Published May 4, 2003

TALLAHASSEE - When Senate President Jim King tried to reach House Speaker Johnnie B. Byrd Jr. to tell him he was halting budget negotiations, Byrd sent word he was too busy to take the call. Gov. Jeb Bush finally got them to the same table two days later, but even he couldn't make them agree on anything. Afterward, Bush worried aloud about the future of the Florida Republican Party.

As well he should. The Democrats controlled the Legislature for more than a century before a budget crisis and a one-day shutdown in 1992 called into question their ability to govern. For the Republicans, it has taken less than seven years. But it's not all their fault.

That the House and Senate march to different tunes is nothing new. Writing in 1982, the late historian Allen Morris, clerk of the House at the time, explained that "Senate-House relations always have been a touchy area, with House members inclined to believe senators regard themselves as superior." He cited an 1889 special session in which a representative observed for the record, "I am willing to indulge the babies at the other end of the Capitol . . ."
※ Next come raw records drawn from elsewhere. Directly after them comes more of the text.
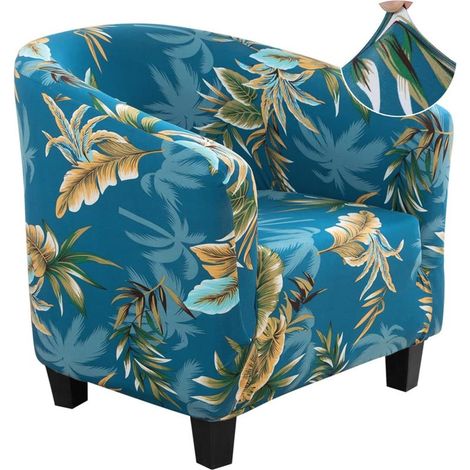 Housse de Fauteuil Cabriolet 1 Place,Housse de Fauteuil Crapaud Extensible Chesterfield,Housse Fauteuil Salon Club il Lavable,Couverture de Fauteuil Facile à Installer e à Laver,Feuilles Bleues (1/5)
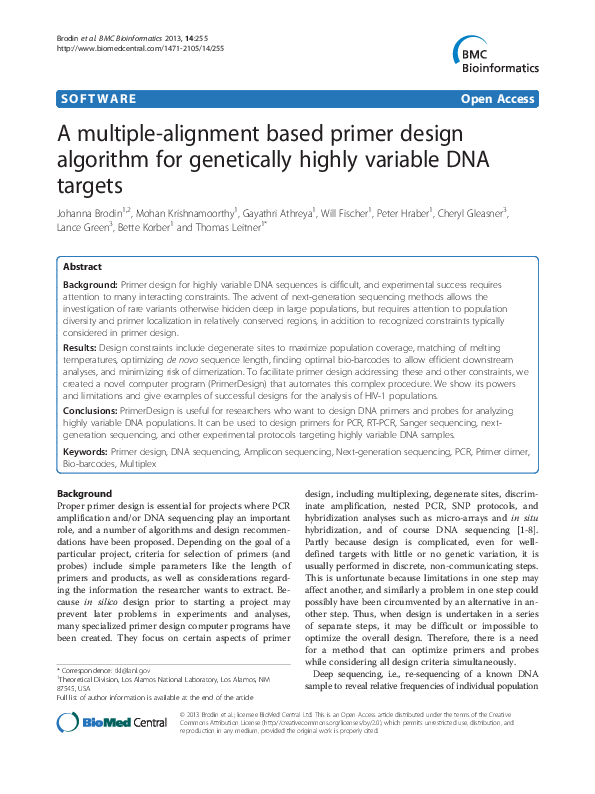 (PDF) A multiple-alignment based primer design algorithm for ...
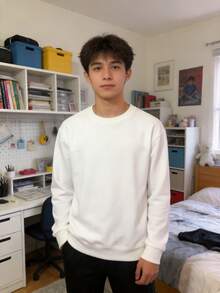 SUDADERA BASICA PARA HOMBRE - Blanco - Ver 1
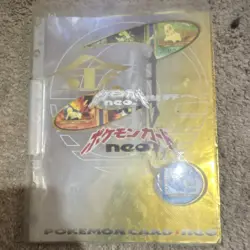 Pokemon Card Neo Binder 9-Pocket Gold Blue Bayleef Chikorita Meganium Cyndaquil - Image 1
Never, however, have the relations been as strained as they appear today. In a random poll of lobbyists - the only deep pool of institutional memory here - none could recall another session without at least one conference committee. Or a session with so few apparent results. The inability to agree on a $52-billion budget - involving more than $1-billion in specific differences - marked only one of many major casualties.

King and his allies say that it was Byrd's insistence on negotiating differences privately between the two leaders in advance of a public conference involving many members that eventually forced King to call off their budget talks.

The chambers were cordial for the first four years that Republicans led both, but the weather turned bad last term when Senate President John McKay sought a comprehensive tax reform that House Speaker Tom Feeney was determined to kill. The budget and every other major issue fell hostage to that dispute, which ended only when McKay accepted a dubious face-saving compromise referendum that the Supreme Court refused to allow on the ballot.

Though King and Byrd promised to do better, they fared badly almost from the start. Byrd is far more conservative - he's a libertarian in almost everything but name - than Feeney, while King is not as conservative as McKay. Byrd has long-range political ambitions. King doesn't. In January, Byrd staged a media event to accuse King of scheming to raise taxes by $11.5-billion, which wasn't true, and it has been downhill from there.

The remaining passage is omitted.